WORK REQUIRED:
Given the entries below, would you transcribe exactly the lines starting at the one with "TN license plate W7211U" and ending at the one with "Technical 1:18 Scale", both kept, pictures omitted, nothing extra?

================

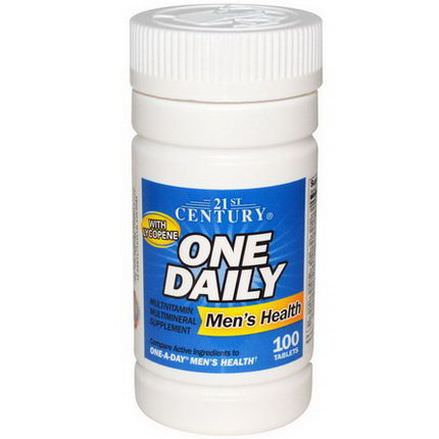 21st Century Health Care, One Daily, Men's Health, 100 Tablets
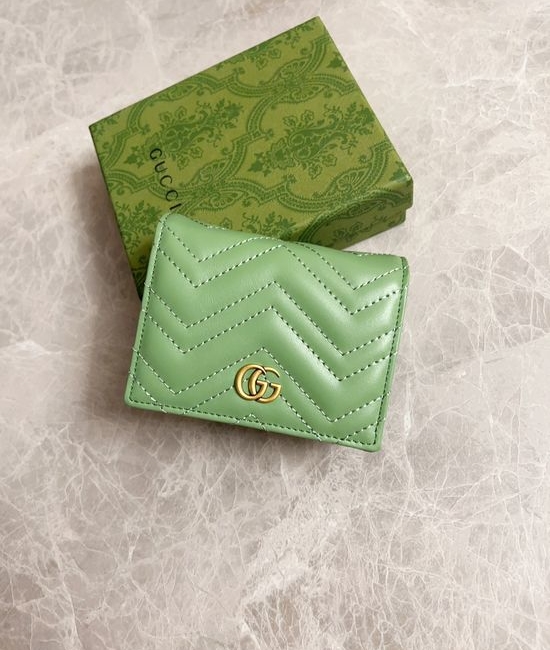 Gucci Wallet Avocado Green 466492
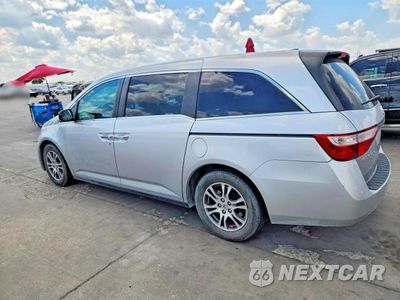 Drugie zdjęcie samochodu z przodu: 2013 HONDA ODYSSEY EXL VIN:5FNRL5H63DB054145 - miniatura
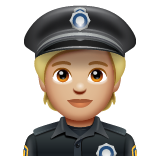 Police Officer: Medium-Light Skin Tone on WhatsApp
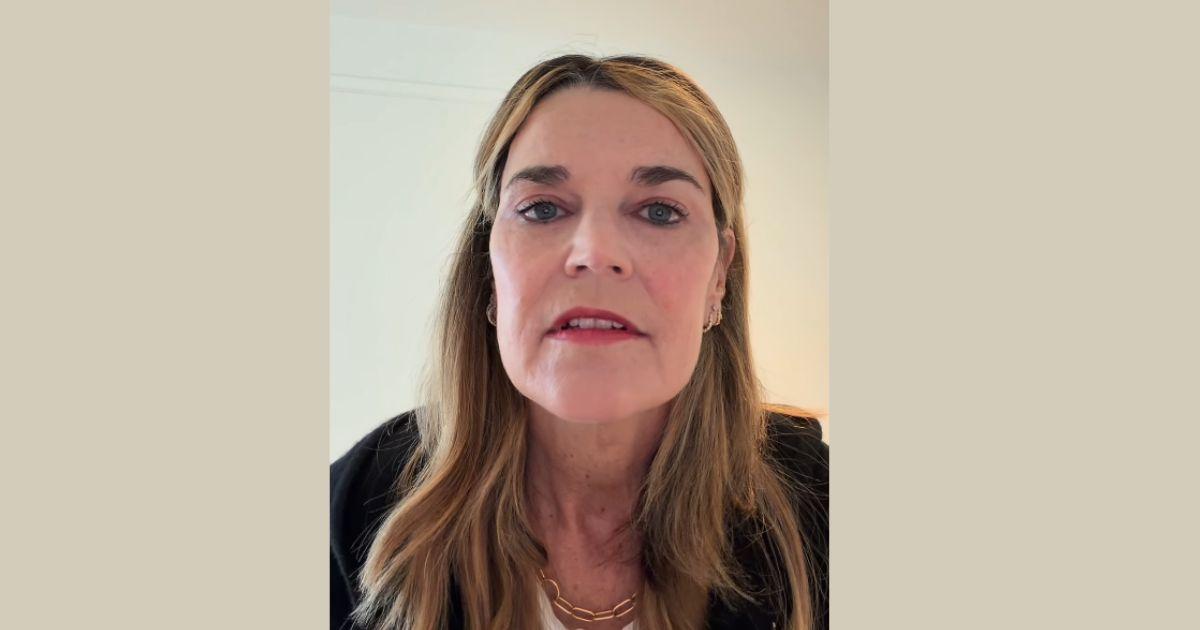 The video Savannah posted on social media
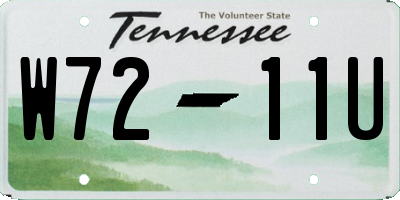 TN license plate W7211U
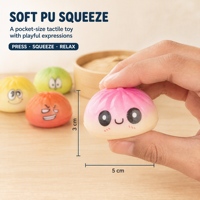 Jouets Squishy Mini-Baguettes en PU Souple à Remontée Lente en Forme d'Aliments, Jouets Anti-Stress à Presser avec Boîte de Présentation pour la Vente au Détail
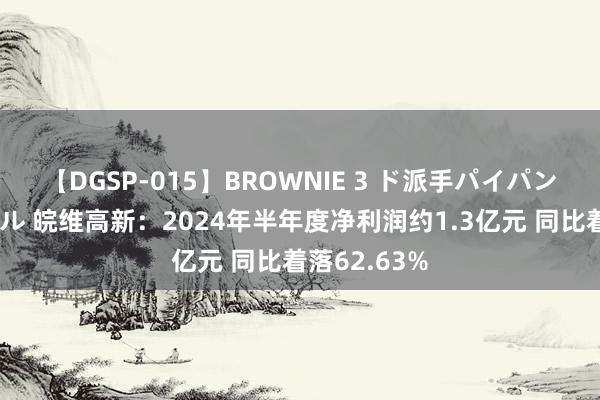 【DGSP-015】BROWNIE 3 ド派手パイパン強め黒ギャル 皖维高新：2024年半年度净利润约1.3亿元 同比着落62.63%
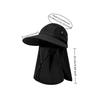 Large Brimmed Sun Hat Full Face Coverage Wide Brim Hat Casual Neck Flap Cap  Men Women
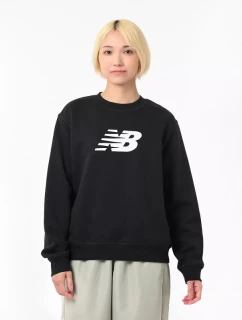 New Balance Sport Fleece Logo Crew Bk W WT43526BK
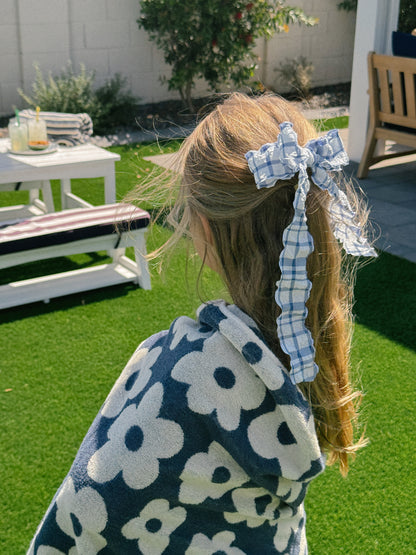 Floral Organic Cotton Beach Towel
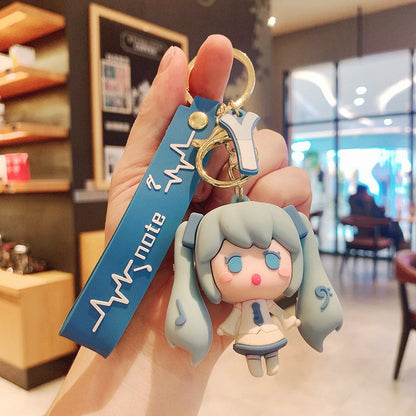 Adorable Anime Figure Keychain Pendant Toy for Bags and Keys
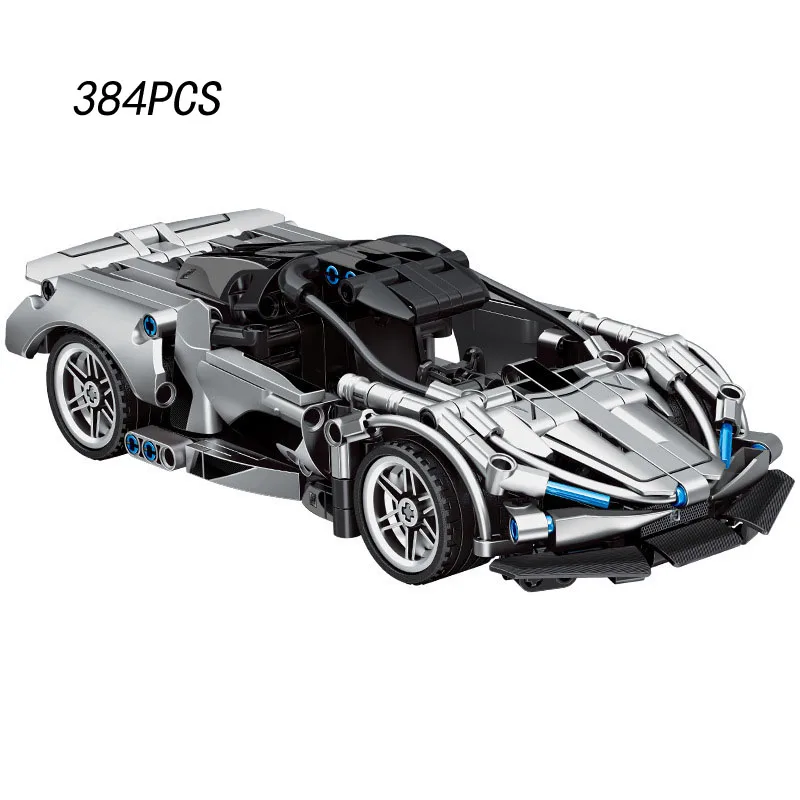 

Technical 1:18 Scale Supercar Building Block Italia Bull Super Sport Car Centenario Bricks Racing Model Vehicle Toys For Boys
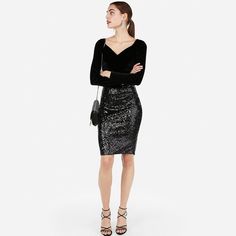 High Waist Sequin Mini Pencil Skirt Style 07658425 Description Sparkly Sequins, A Flattering High Wast And A Mini Length Makes This Skirt A Perfect Pick For Parties And More. Features & Fabric High Waisted Back Hook And Zip Closure All-Over Sequins; Full, Silky Lining Straight Hem; Mini Length Nylon Hand Wash Imported Fall Party Mini Pencil Skirt, Winter Pencil Mini Skirt For Night Out, Fitted Pencil Skirt For Winter Party, Fitted Winter Party Pencil Skirt, Winter Date Night Fitted Skirt, Elegant Mini Skirt For Winter Date Night, Glamorous Fitted Winter Skirt, Elegant Mini Pencil Skirt For Winter, Elegant Winter Mini Skirt For Date Night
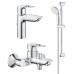 Комплект змішувачів для ванної кімнати Grohe BauLoop New UA123214M0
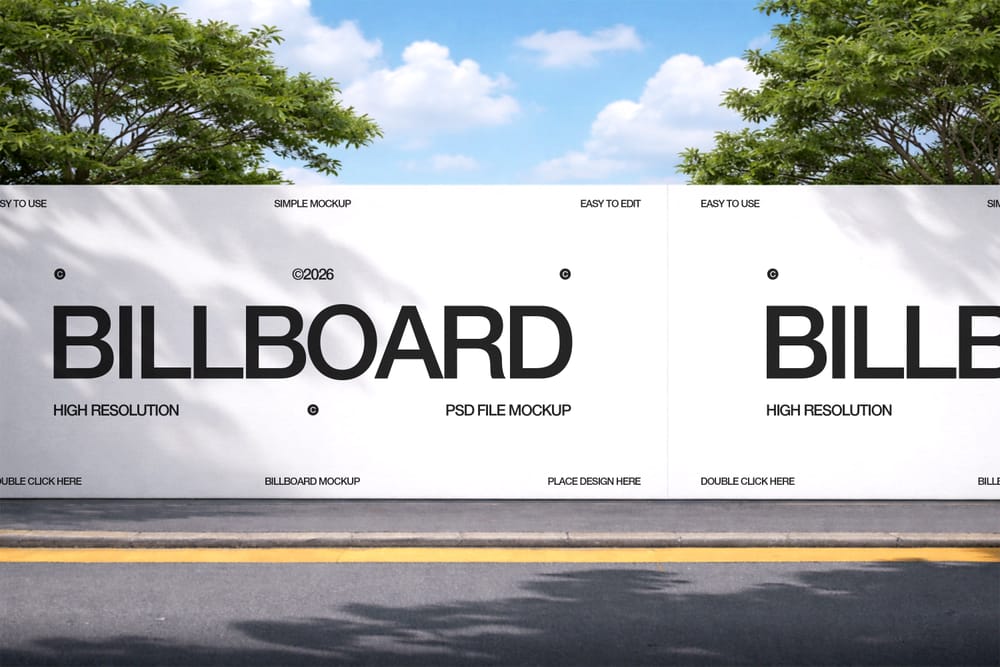 Outdoor Street Billboard Mockup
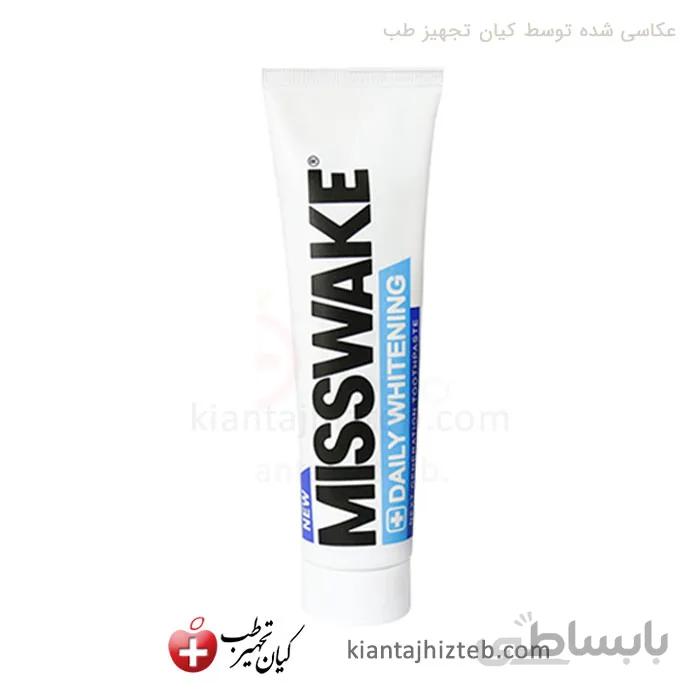 خمیر دندان Misswake سفید کننده روزانه حجم 100 میل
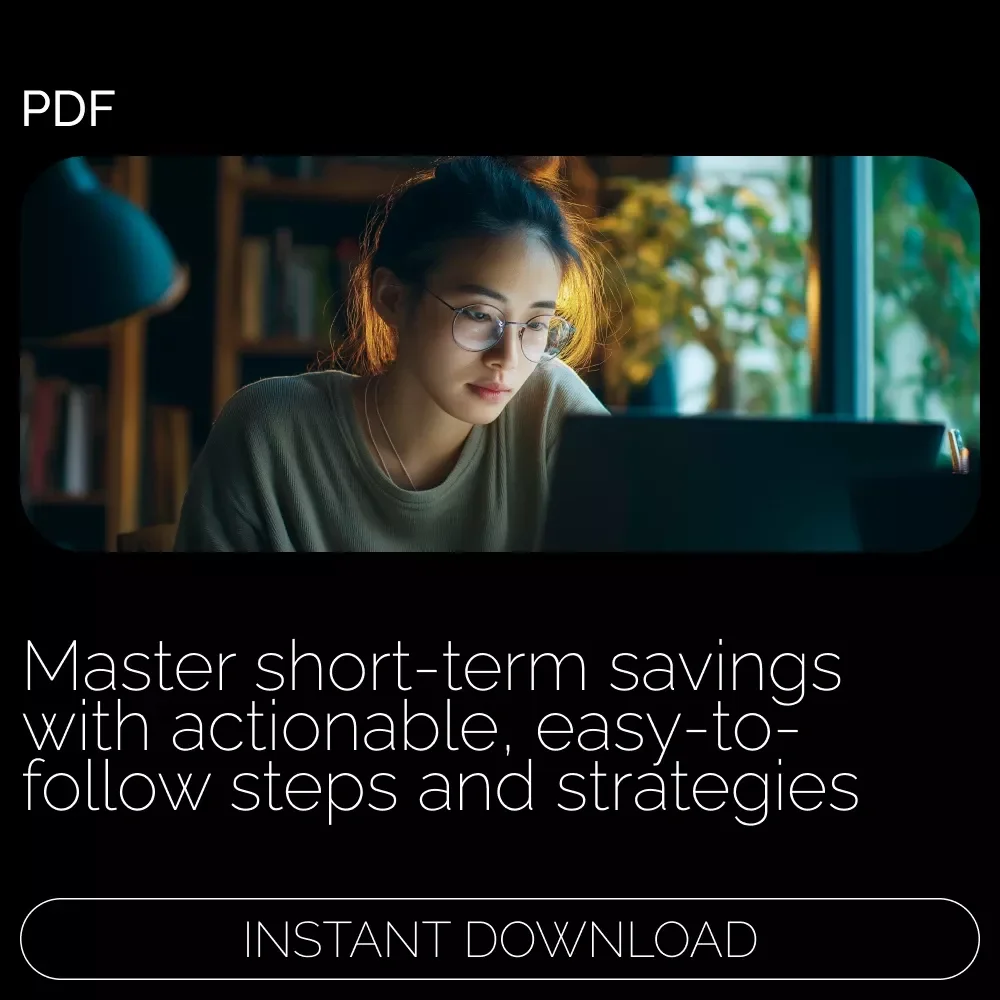 Master Your Short-Term Saving Goals in Simple Steps - eBook Guide to Achieving Financial Success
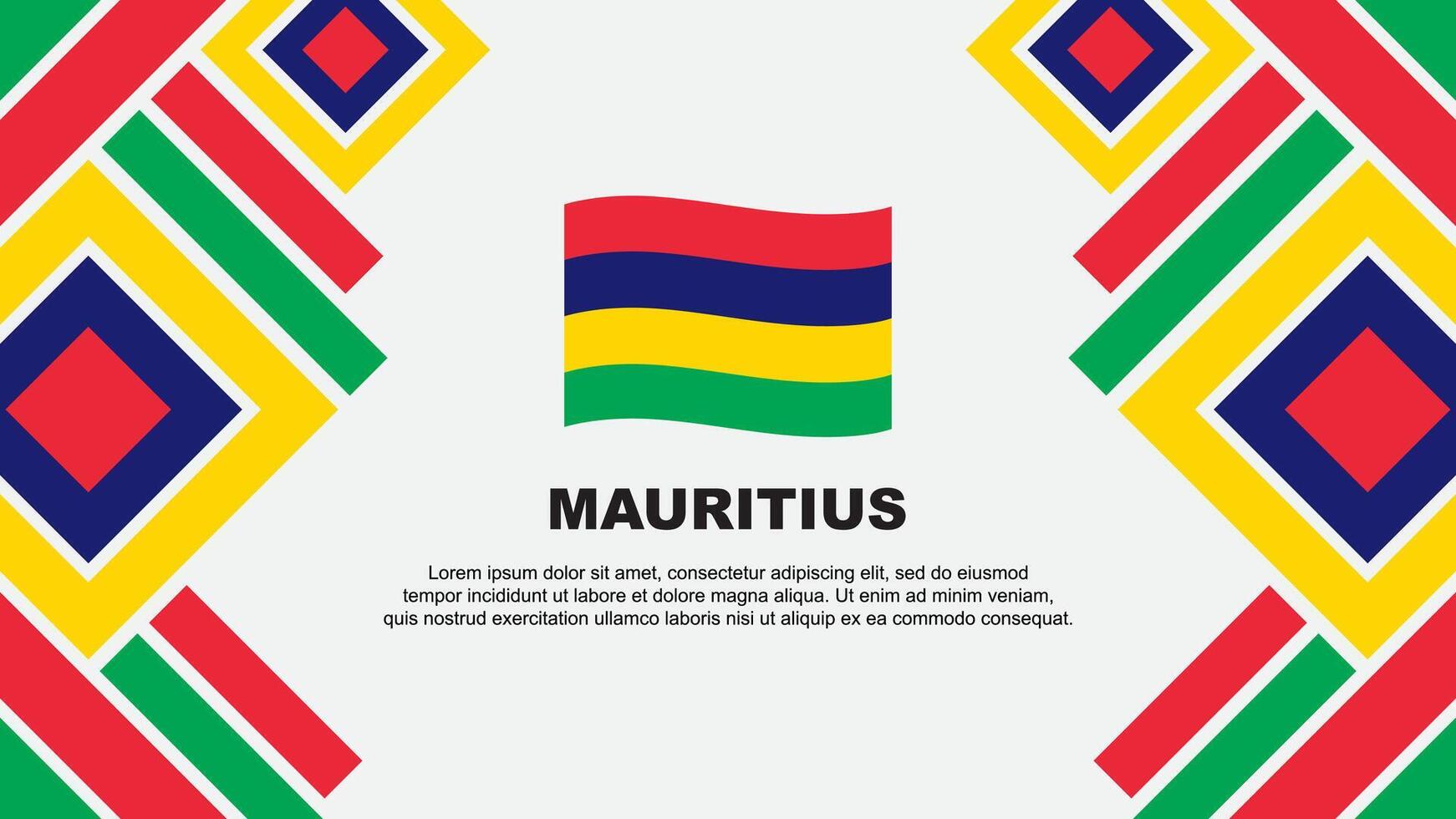 Maurícia bandeira abstrato fundo Projeto modelo. Maurícia independência dia bandeira papel de parede vetor ilustração. Maurícia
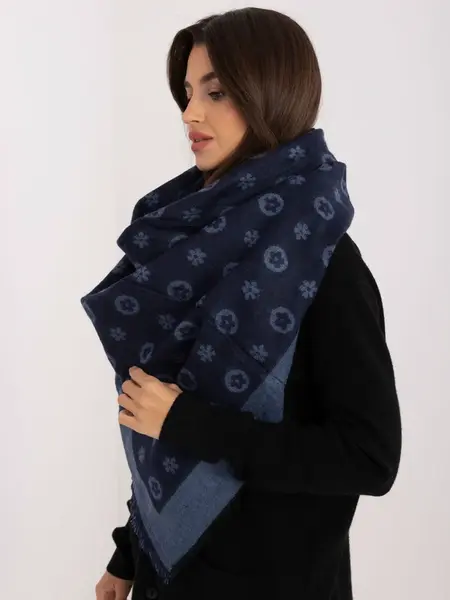 Dark blue women's wool scarf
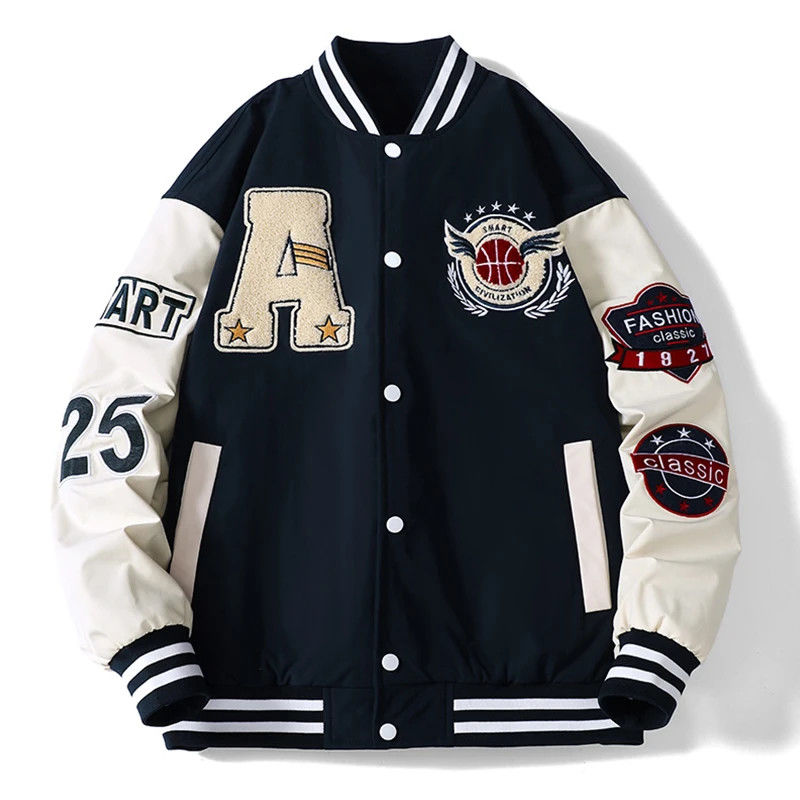 autumn american baseball jacket men‘s and women‘s spring and summer couple loose leisure all-matching american handsome jacket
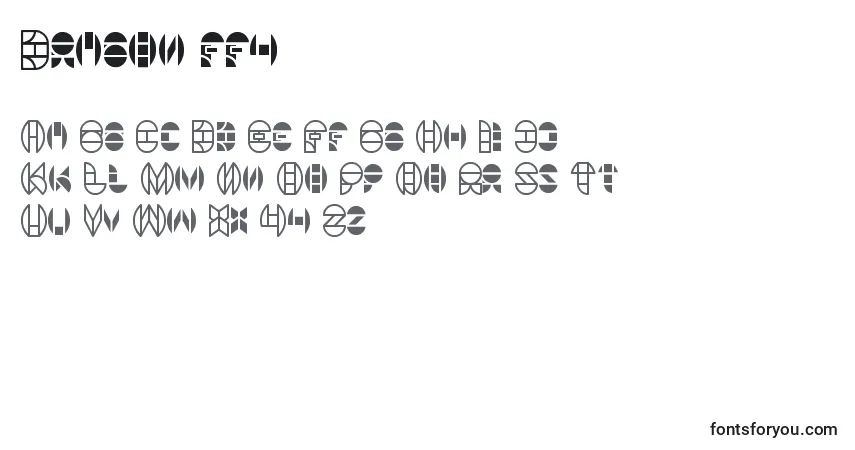 Schriftart Dragon ffy – Alphabet, Zahlen, spezielle Symbole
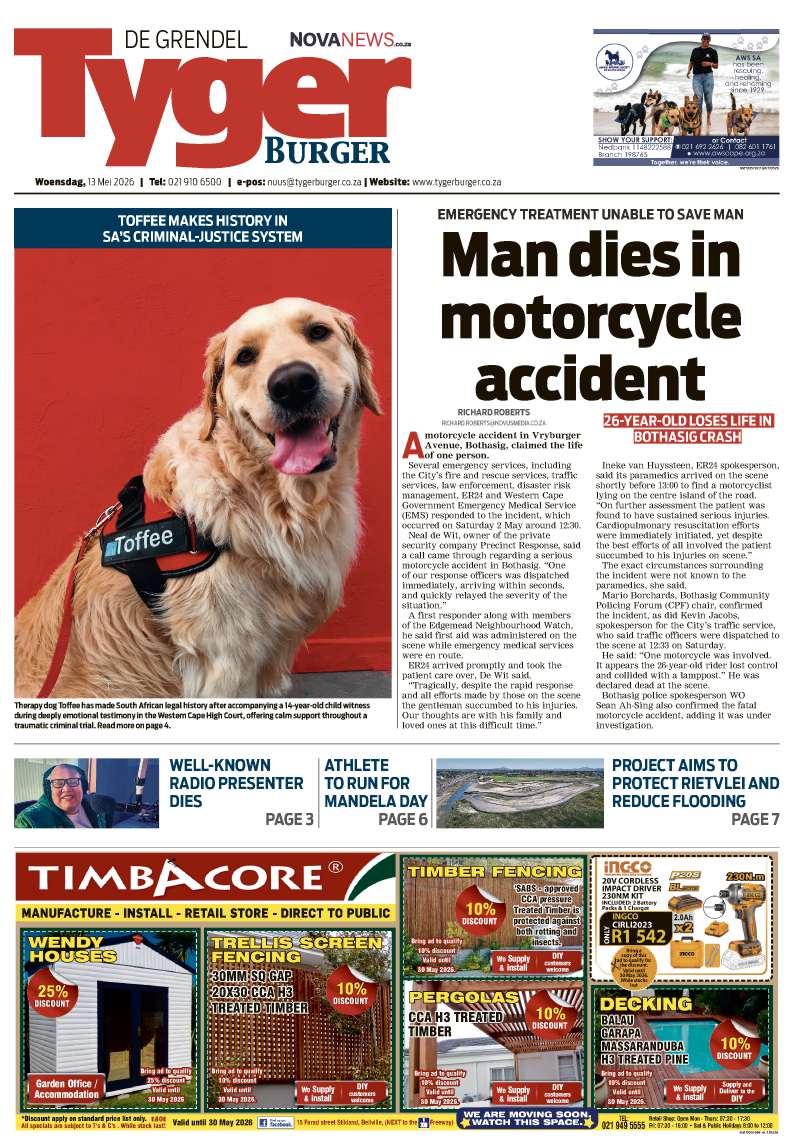 TygerBurger | De Grendel | E-edition | 13 May 2026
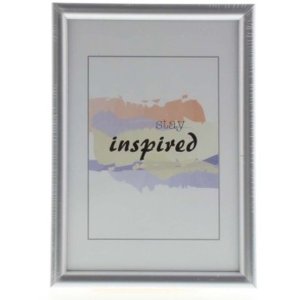 Madrid Kunststoffrahmen 10x15 cm silber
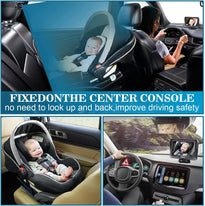 LeeKooLuu LK12 Baby Car Camera HD 1080P Monitor Rear Facing Seat, View Infant Crystal Night Vision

================

SOLVED EXERCISE:
 TN license plate W7211U
 Jouets Squishy Mini-Baguettes en PU Souple à Remontée Lente en Forme d'Aliments, Jouets Anti-Stress à Presser avec Boîte de Présentation pour la Vente au Détail
 【DGSP-015】BROWNIE 3 ド派手パイパン強め黒ギャル 皖维高新：2024年半年度净利润约1.3亿元 同比着落62.63%
 Large Brimmed Sun Hat Full Face Coverage Wide Brim Hat Casual Neck Flap Cap  Men Women
 New Balance Sport Fleece Logo Crew Bk W WT43526BK
 Floral Organic Cotton Beach Towel
 Adorable Anime Figure Keychain Pendant Toy for Bags and Keys

Technical 1:18 Scale Supercar Building Block Italia Bull Super Sport Car Centenario Bricks Racing Model Vehicle Toys For Boys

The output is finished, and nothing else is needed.